Vanuatu Foreign Investment Promotion Agency (VFIPA)

Agency overview
- Formed: 1997
- Preceding Agency: Department of Trades and Industries's Vanuatu Foreign Investment Board;
- Jurisdiction: Vanuatu
- Headquarters: Port Vila
- Employees: 15
- Annual budget: 49 Million VT
- Minister responsible: Hon. Matai Seremaiah, Minister for Tourism, Trade, Commerce and Ni Vanuatu Business;
- Agency executives: Mr. Jimmy Rantes, Chairman; Ms. Francesca Grillo, Deputy Chairman; Mrs Minnie Bani, Acting Chief Executive Officer;
- Parent department: Tamarama Bldg, Lini highway, Port Vila
- Website: www.investvanuatu.vu

= Vanuatu Foreign Investment Promotion Agency =

Vanuatu government agency

The Vanuatu Foreign Investment Promotion Agency (VFIPA) (previously known as the Vanuatu Foreign Investment Promotion Authority), is Vanuatu's National investment promotion agency. It was established by the foreign investment act [cap 248] in 1998 and operating as a unit under the department of Trades and Industry with a mandate to "promote and facilitate foreign investments into Vanuatu."

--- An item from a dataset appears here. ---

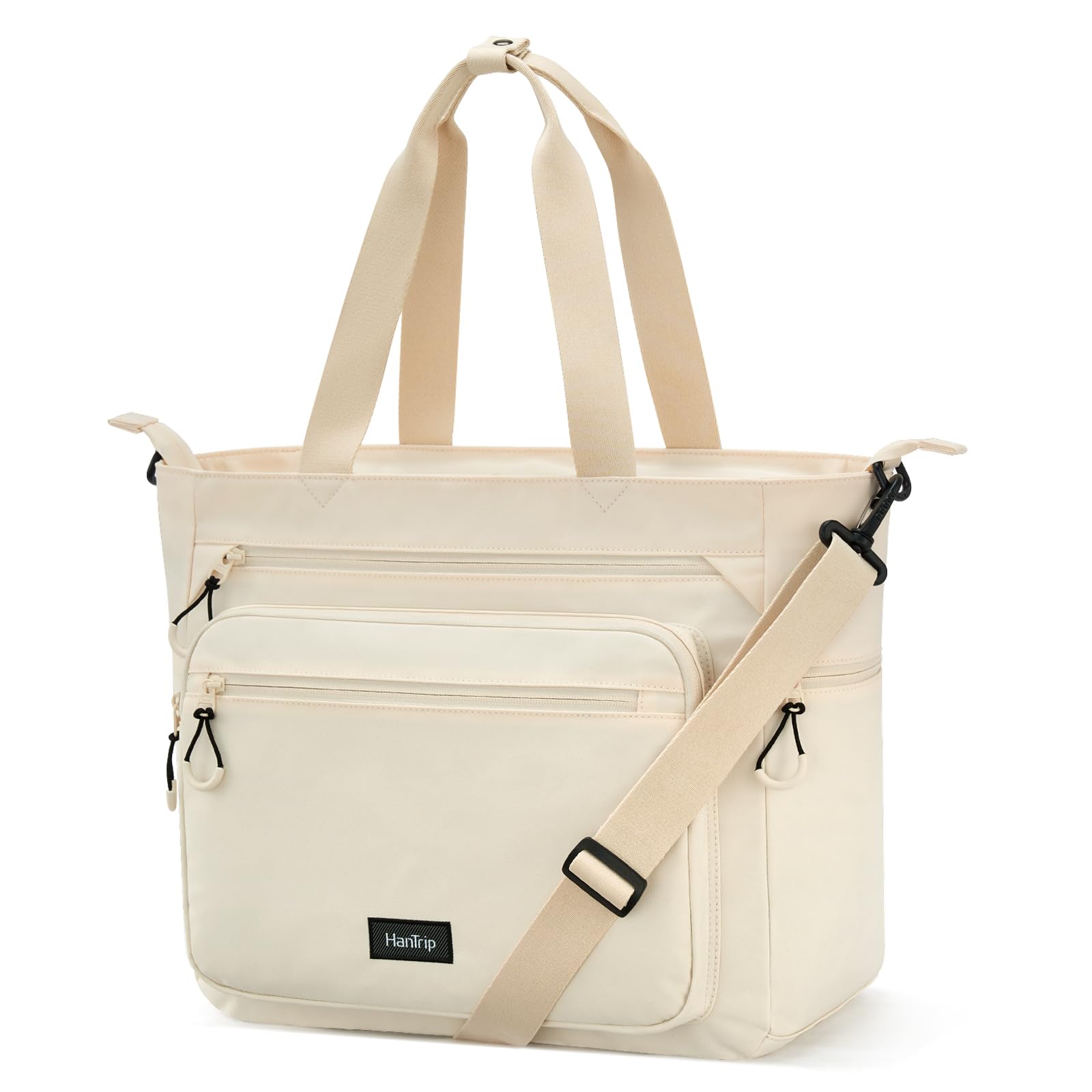 best travel tote extra bag Best Buy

Under the current corporate structure of the Agency, its Chief Executive Officer is accountable to the Agency's Board of Directors known as the "Vanuatu Investment Board" that reports to the Minister responsible for the Ministry - MTTCVB. Mr. Howard ARU was appointed chief executive officer of the VFIPA in June 2020.

== History and overview ==
The Vanuatu Investment Promotion Authority (VIPA) was established following a recommendation from the Comprehensive Reform Program (CRP) undertaken in 1997 and sponsored by the Asian Development Bank (ADB). The need to have an institution aimed at developing clear guidelines governing the promotion and facilitation of foreign direct investment was a key component under the CRP strategic pillar - Improving the incentives for private sector growth and employment. This saw the development and enactment of the Foreign Investment Act of 1998 [CAP 248] to establish the Vanuatu Investment Promotion Authority whose mandate is to expeditiously facilitate and promote foreign investment in Vanuatu.

Prior to the 1997-1998 CRP, a division within the Department of Trades and Industries was responsible for processing and approvals of foreign investment applications. The Board responsible at that time was known as the Vanuatu Foreign Investment Board (VFIB). Investment promotion and facilitation was a new development area at that time therefore the division was more focused on the processing and approval of investment proposals. But there has been too many red tapes during the process - resulting in a very costly exercise for a foreigner to do business in Vanuatu with very little or no investment promotion and facilitation at all. The recommendation by the CRP for a separate and autonomous institution was to address these issues, that will in turn contribute to an enabling business environment for the country.

In 1998 and onward, VIPA began implementing the Foreign Investment Act [CAP 248], still operating under the Public Service Commission (PSC). In 2008, VIPA was detached from the PSC and fully became a corporate body, with a board of directors as its immediate employer. An annual grant from the government remains the only source of income for the authority. Staff numbers began with four and have doubled since then with a 100% increase in its annual grant.

== Vision ==

Preceding VFIPA’s formation (formerly known as VIPA), the need for FDI at that time was very crucial; however, the business environment was not expected to attract foreign companies to invest in Vanuatu.

The Agency’s vision, "To become the Pacific region’s leading IPA delivering excellent service and aftercare support to our existing and potential foreign investors" was coined as its promotional campaign to both domestic and external investors including international partners that Vanuatu does have an IPA in place who can provide the services investors need and thus contribute to enhancing the business environment. [citation needed]

According to the World Bank Ease of Doing Business latest (2020) Report (EoDB), Vanuatu was ranked 107 out of the 190 economies. This indicator reflected how business regulatory framework have evolved over time as a result of many factors. The VFIPA remains proactive in its role of policy advocacy in collaboration with its key partners to push for reforms that will contribute improving the country’s EoDB ranking.